Acórdão Nº 0307475-60.2016.8.24.0023 do Segunda Câmara de Direito Civil, 03-12-2020

Número do processo0307475-60.2016.8.24.0023
Data03 Dezembro 2020
Tribunal de OrigemCapital
ÓrgãoSegunda Câmara de Direito Civil
Classe processualApelação Cível
Tipo de documentoAcórdão


Apelação Cível n. 0307475-60.2016.8.24.0023

Relator: Desembargador João Batista Góes Ulysséa

APELAÇÃO CÍVEL. AÇÃO INDENIZATÓRIA DE PERDAS E DANOS C/C DANOS MORAIS. SENTENÇA DE IMPROCEDÊNCIA. RECURSO DA AUTORA.

JULGAMENTO ANTECIPADO DA LIDE. CERCEAMENTO DE DEFESA. INTELIGÊNCIA DO ART. 373, INCISO I, DO CÓDIGO DE PROCESSO CIVIL. DESNECESSIDADE DE INSTRUÇÃO DO FEITO. LIVRE CONVENCIMENTO MOTIVADO.

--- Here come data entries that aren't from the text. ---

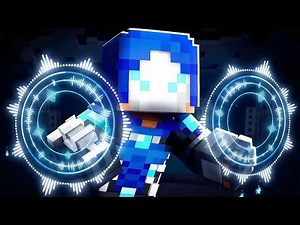 We Coded SOUNDWAVE TECHNOLOGY for Our Superhero Mod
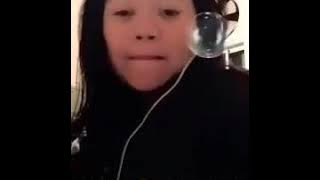 Keponakan mak e soimah,,gk kalah keren suwaranya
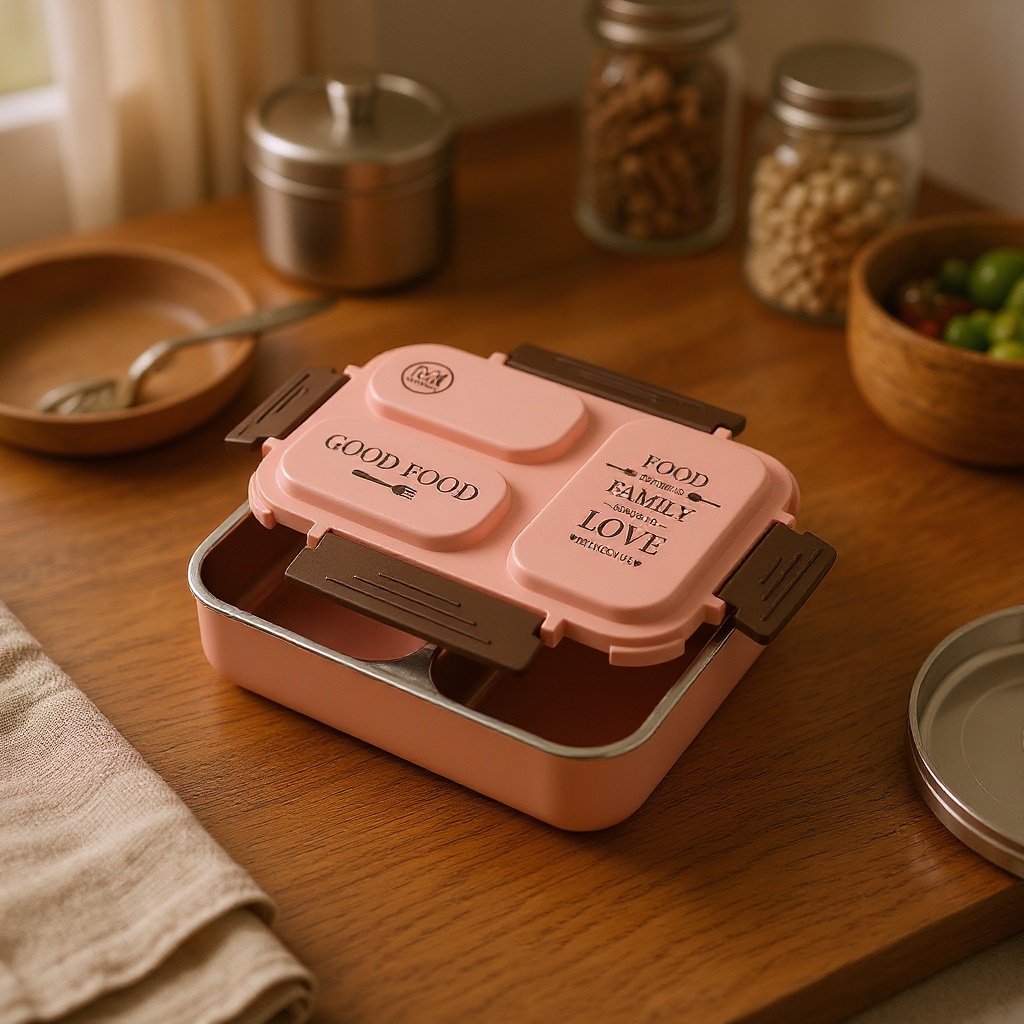 Keep Food Fresh Hot for Hours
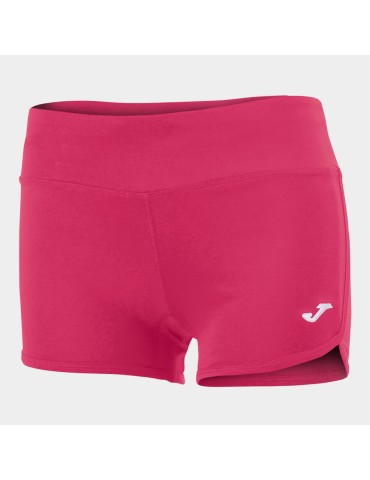 Šortky Joma Stella II (růžová)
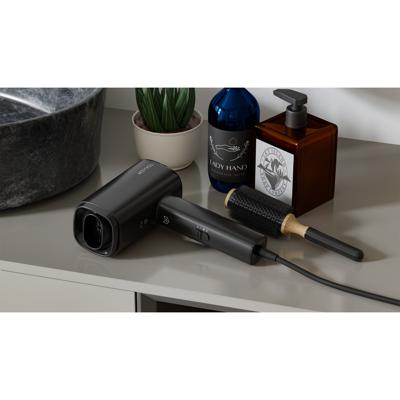 Фен MEYVEL Meyvel MF8-1600 (Black) арт. ZN-280507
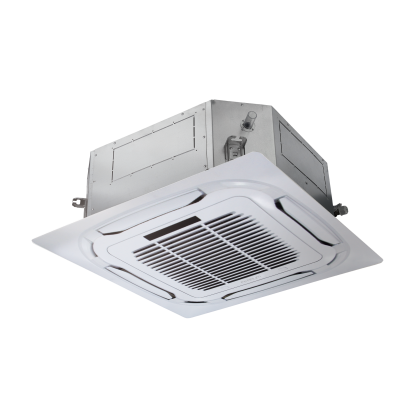Фото Ferrum FF80C-2PA1 кассетный фанкойл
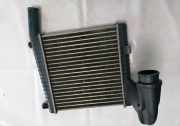 Ladeluftk�hler Volvo 480 Bj 1995 3456958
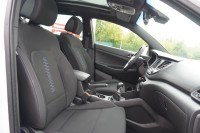 Hyundai Tucson 1.6 T-GDI Passion 2WD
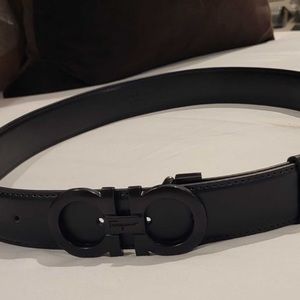 Designer belt for sale!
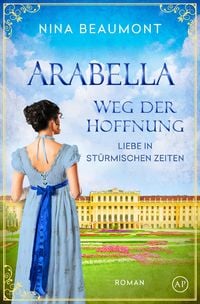 Produktbild: Arabella, Weg der Hoffnung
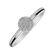 Prsteň s diamantmi Infinite Circle2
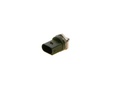 FUEL PRESSURE SENSOR BOSCH VAG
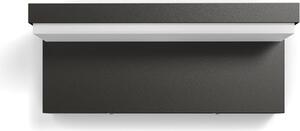 Philips by Signify Philips myGarden Bustan Lampada da parete 9W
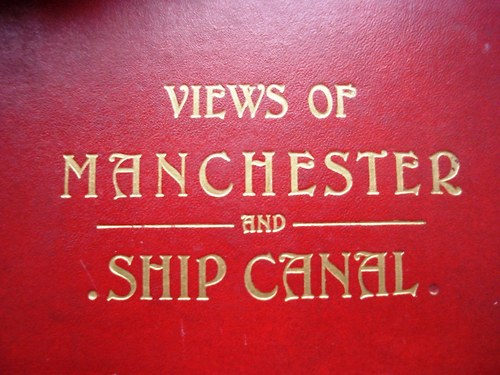 Manchester, England, England ... kol. 1900 — foto 2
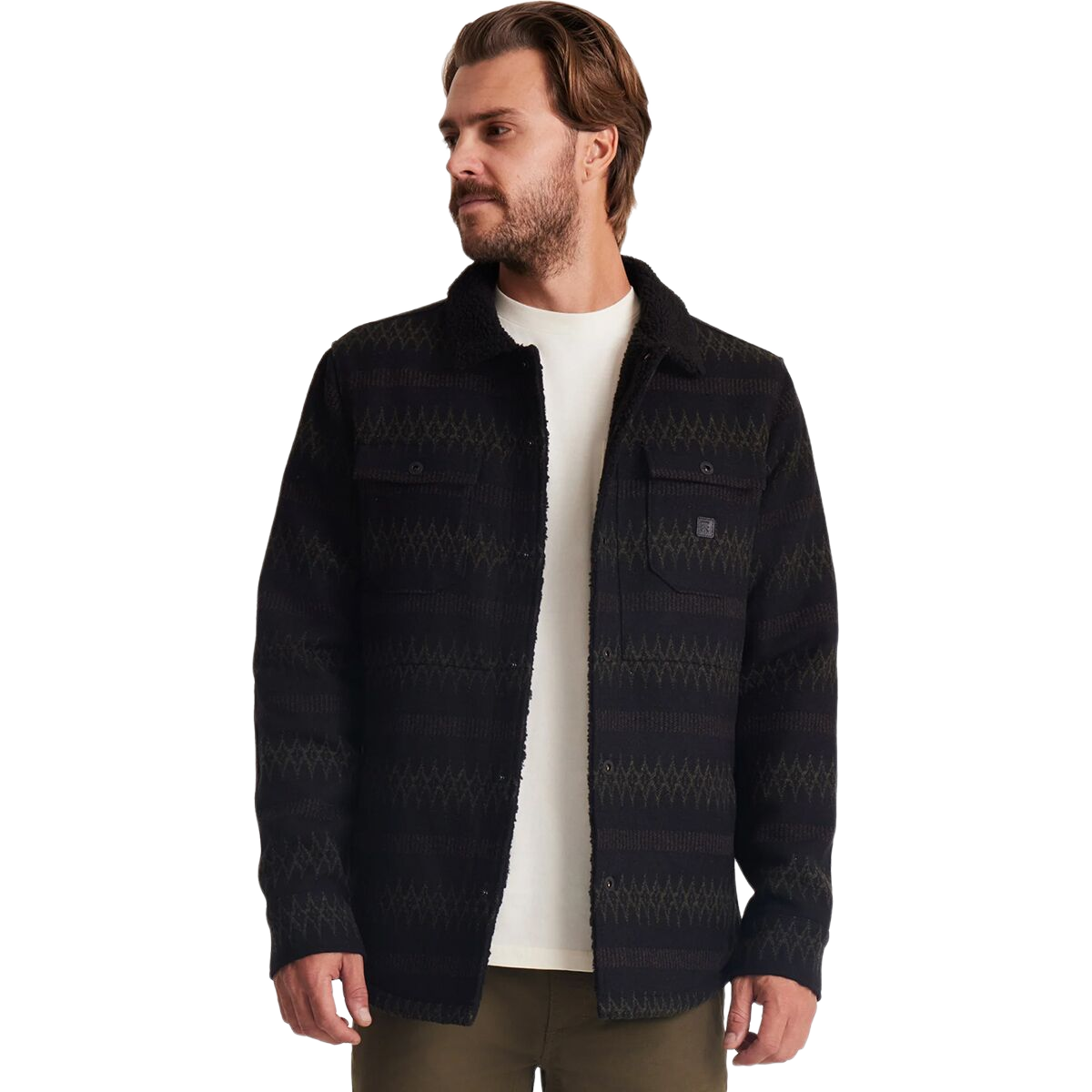 Men's Hebrides Jacket alternate view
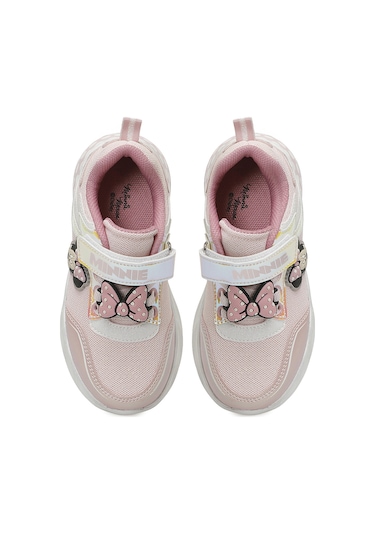 Minnie Mouse Enessa.p6fx Pembe Kız Çocuk Sneaker 000000000102238901 Pembe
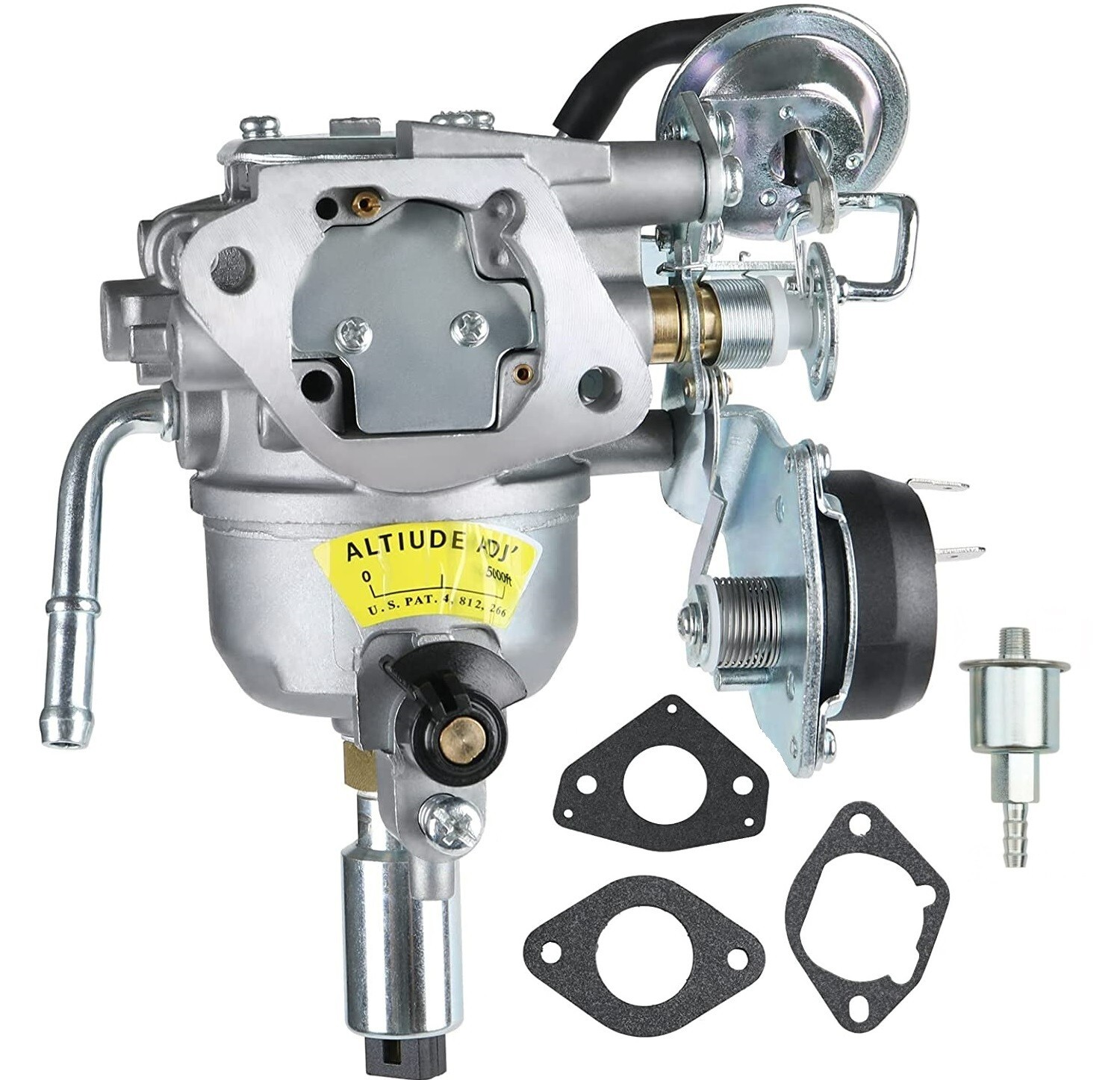 Carburetor For Onan 5500 7000 Grand Marquis Gold Generator HGJAA HGJAB 901D /900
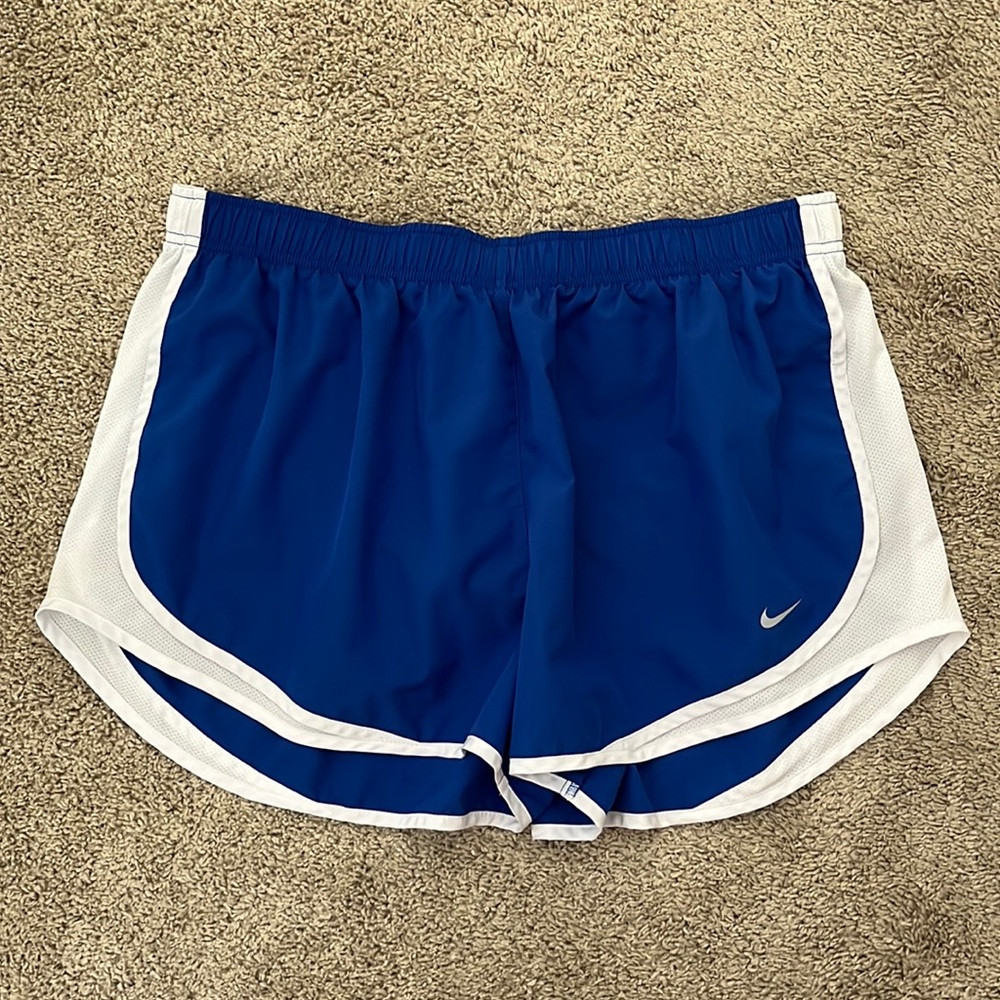 Nike Tempo Shorts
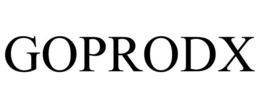 GOPRODX trademark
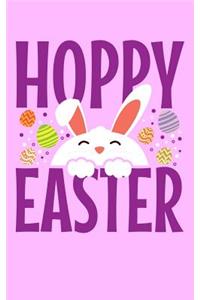Hoppy Easter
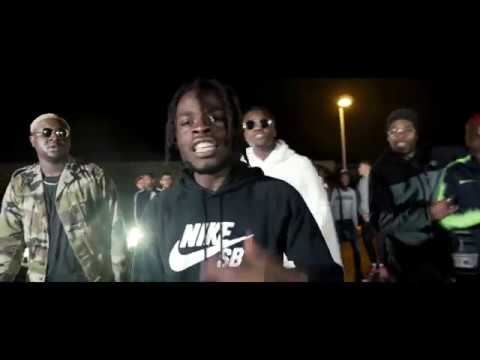 Cody x N'seven7 - Présidentielle (Hors Série) I Daymolition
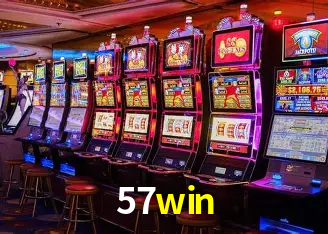 Exclusive Offers 57win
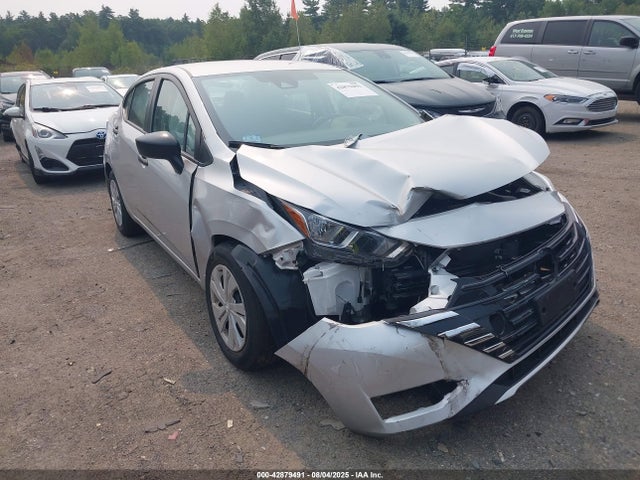 Nissan 2024 2024 3N1CN8DV9RL838422 Image 13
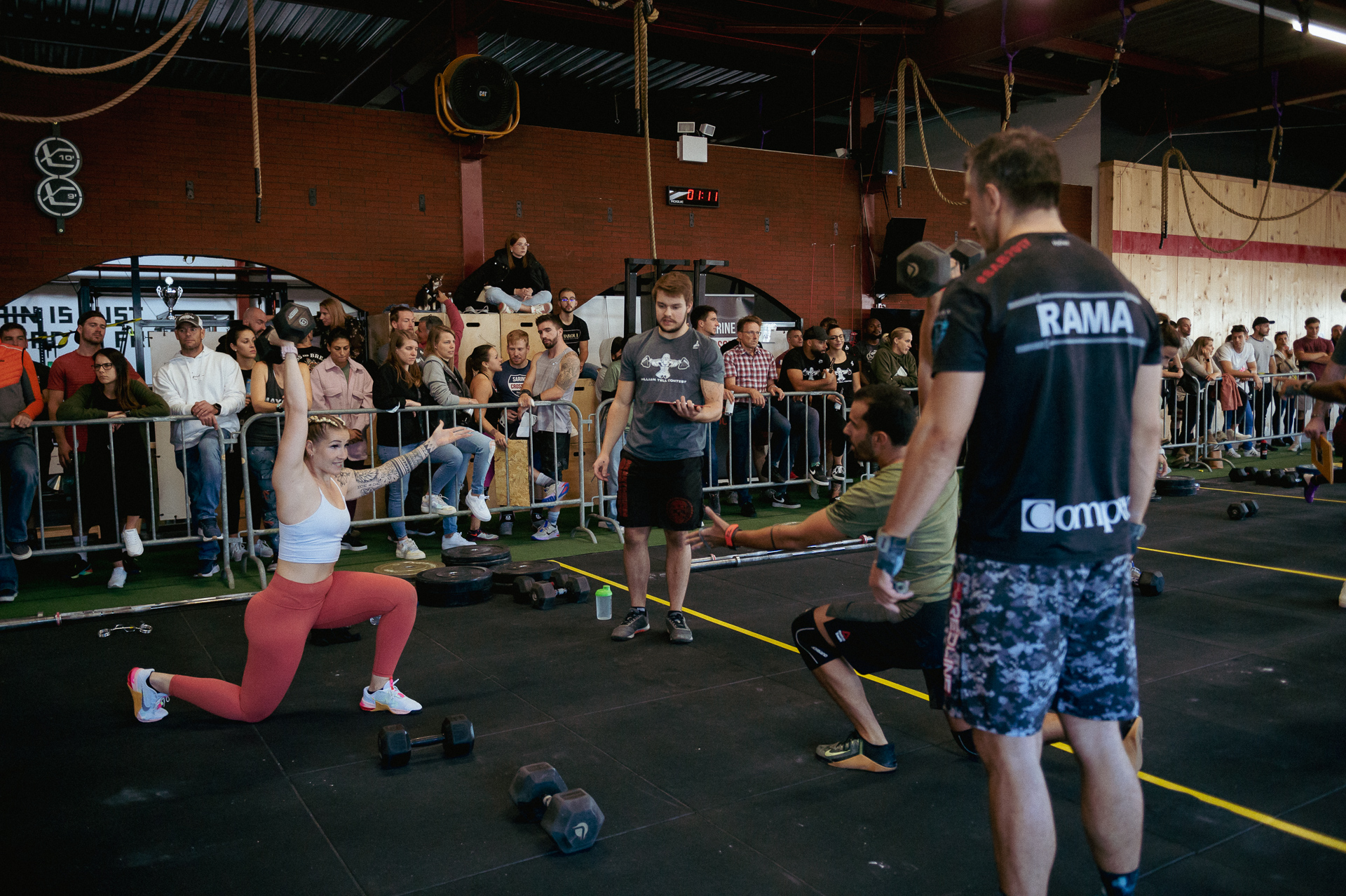 20211017 Sarine Crossfit William Tell Contest 1258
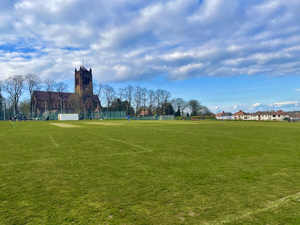 Mossley Hill Athletic Club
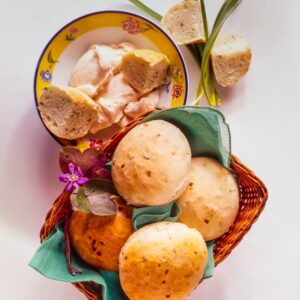 PANINI ALLE ERBE AROMATICHE - 9799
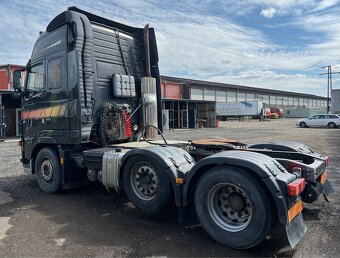 Volvo FH 13 520 6x2 HYDRAULIKA - 3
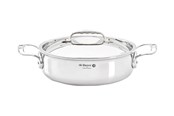 Pander - De Buyer AFFINITY saute pan - 28 cm - 4.6 L - DB3741-28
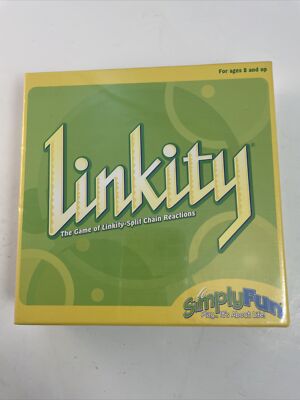 Linkity Game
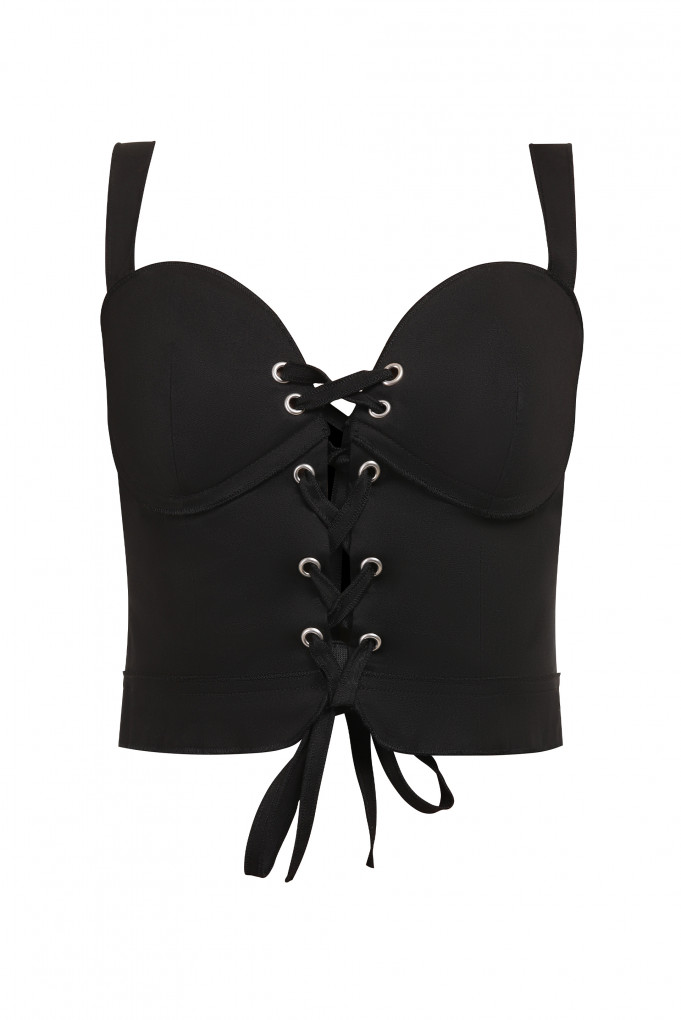 Buy Bustier Dolce & Gabbana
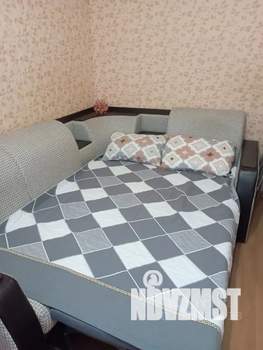 1-к квартира, посуточно, 43м2, 4/9 этаж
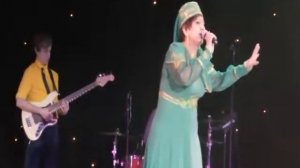 РОЗА МОСТАФИЕВА  ЛЯ ИЛЛАХ ИЛЬ АЛЛАХ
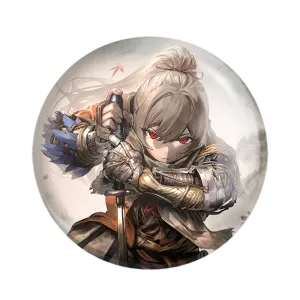 پیکسل بازی سکیرو (sekiro)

Não configura cerceamento de defesa o julgamento antecipado da lide, quando o feito se encontrar instruído com a prova documental necessária à formação do livre convencimento motivado do Julgador, especialmente quando outras provas se mostram inúteis ou desnecessárias.

PRETENSÃO INDENIZATÓRIA. ALEGADA QUEBRA DE EXPECTATIVA CONTRATUAL. INTENÇÃO DE REALIZAÇÃO DE CIRURGIA PLÁSTICA ESTÉTICA ELETIVA. PAGAMENTO DE PARTE DO VALOR REALIZADO COM A ENTREGA DE CHEQUES DE TERCEIRO. CONSTATAÇÃO DE APONTAMENTOS RESTRITIVOS EM NOME DO EMISSOR DOS CHEQUES UTILIZADOS PARA O PAGAMENTO. CANCELAMENTO DA INTERVENÇÃO CIRÚRGICA. RECUSA JUSTIFICADA. NÃO CONFIGURAÇÃO DO ATO ILÍCITO. ÔNUS QUE INCUMBIA À PARTE AUTORA. DEVER DE INDENIZAR INEXISTENTE. MANUTENÇÃO DA SENTENÇA. RECURSO DESPROVIDO.

É vedado ao fornecedor recusar a venda ou a prestação de serviços colocados no mercado de consumo a quem deseje realizar a aquisição e prontamente pagá-los, nos termos do art. 39, IX, do Código de Defesa do Consumidor.

Entrementes, a norma não se presta a obrigar o fornecedor a aceitar qualquer forma de pagamento, sendo lícita a recusa de aceite de cheque quando a análise de crédito é desfavorável.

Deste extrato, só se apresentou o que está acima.